Para ministro, Lula foi o único presidente eleito
do e para o povo e Bolsonaro é profeta
“Ninguém pode servir a dois senhores” é uma exortação de Jesus cujo significado revela a exclusividade exigida por Deus aos seus servos. O próprio Cristo explica por que não se pode servir a dois senhores. Está no Evangelho de Mateus (6:24): “Porque ou há de aborrecer-se de um e amar o outro, ou se devotará a um e desprezará o outro”. O ministro da Justiça e da Segurança Pública, André Luiz de Almeida Mendonça, certamente já deve ter meditado muito sobre essa prédica.
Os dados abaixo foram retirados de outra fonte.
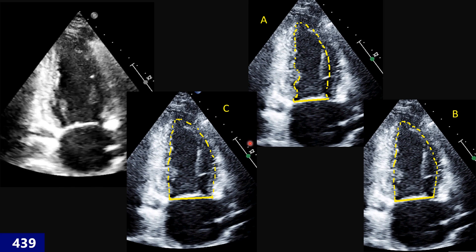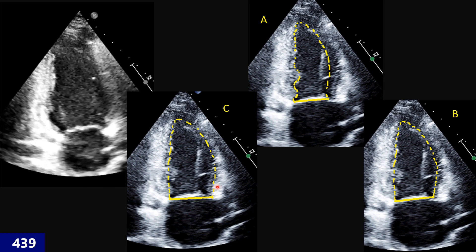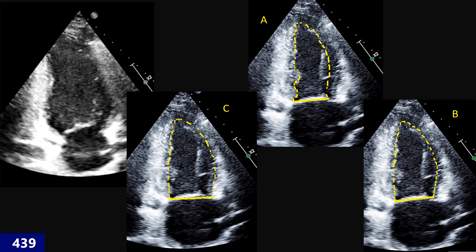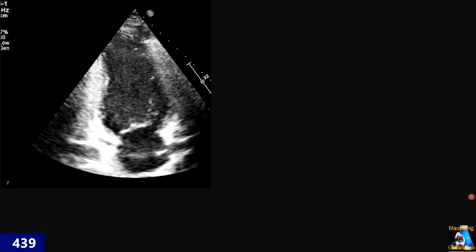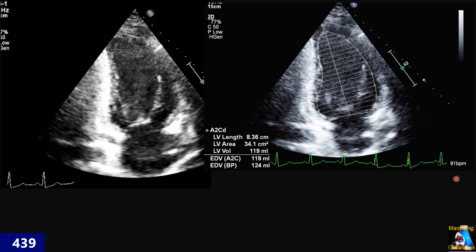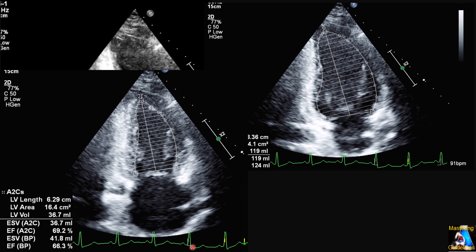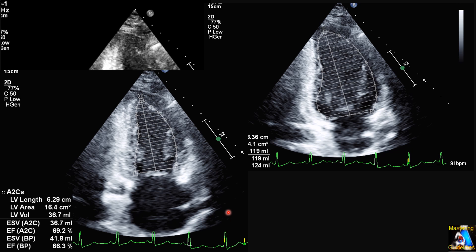The criteria for selecting the correct tracing for Simpson's method in systole — the same concept applies in diastole. Here, take this tracing at end-diastole and this one at end-systole. Is that correct tracing at end-diastole and end-systole? If not, where is the mistake?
E não tanto por frequentar a igreja presbiteriana Esperança de Brasília, mas por causa das vicissitudes de sua carreira no serviço público, na qual teve a oportunidade de servir não a dois, mas a três senhores: Dias Toffoli, Lula da Silva e Jair Bolsonaro.
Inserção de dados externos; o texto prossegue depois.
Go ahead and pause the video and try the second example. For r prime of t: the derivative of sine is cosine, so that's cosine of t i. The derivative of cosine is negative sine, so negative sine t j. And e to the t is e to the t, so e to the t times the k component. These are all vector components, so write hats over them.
Sua Excelência começou na profissão como advogado da Petrobrás. De lá saiu para fazer carreira fulgurante na Advocacia-Geral da União (AGU). Em 2002 era procurador-seccional da União no norte do Paraná, e, em artigo na Folha de Londrina, saudou a primeira vitória de Luiz Inácio Lula da Silva para a Presidência da República, sob o título O povo se dá uma oportunidade. “Neste momento histórico nos deparamos com a realidade revelada nas urnas: temos o primeiro presidente eleito, do povo e pelo povo”, cravou sem medo de ser feliz.
Não foi propriamente um preito à verdade, pois o ex-líder sindical é, na verdade, filho de Genival, que ganhava a vida como estivador no Porto de Santos, operário braçal, mas com privilégios notórios nas relações de trabalho. Não era um potentado, como Epitácio Pessoa, um estancieiro, como Getúlio Vargas, um militar de alta patente, como Eurico Dutra, nem mesmo um acadêmico, como Fernando Henrique Cardoso. Mas não se pode dizer, por exemplo, que Juscelino Kubitschek de Oliveira não vinha de um lar humilde, sendo, como era, filho de dona Júlia, professora primária e viúva, que sustentou dois filhos com muito sacrifício.
Não se sabe que importância teve esse texto na predileção por ele do advogado Dias Toffoli, que sempre atuou a serviço do Partido dos Trabalhadores (PT) como assessor jurídico das bancadas da legenda de Lula na Assembleia Legislativa paulista e na Câmara dos Deputados. Mas ninguém duvidará da gratidão do subordinado ao advogado-geral da União nomeado pelo ex-presidente petista para o Supremo Tribunal Federal (STF), cargo no qual nunca deixou sem apoio o antigo subordinado da AGU. Mendonça, especialista em gratidão radical, organizou o livro Democracia e Sistema de Justiça, em parceria com um colega do ex-chefe no “pretório excelso”, Alexandre de Moraes, para comemorar os dez anos de atuação daquele (isso mesmo!) no STF.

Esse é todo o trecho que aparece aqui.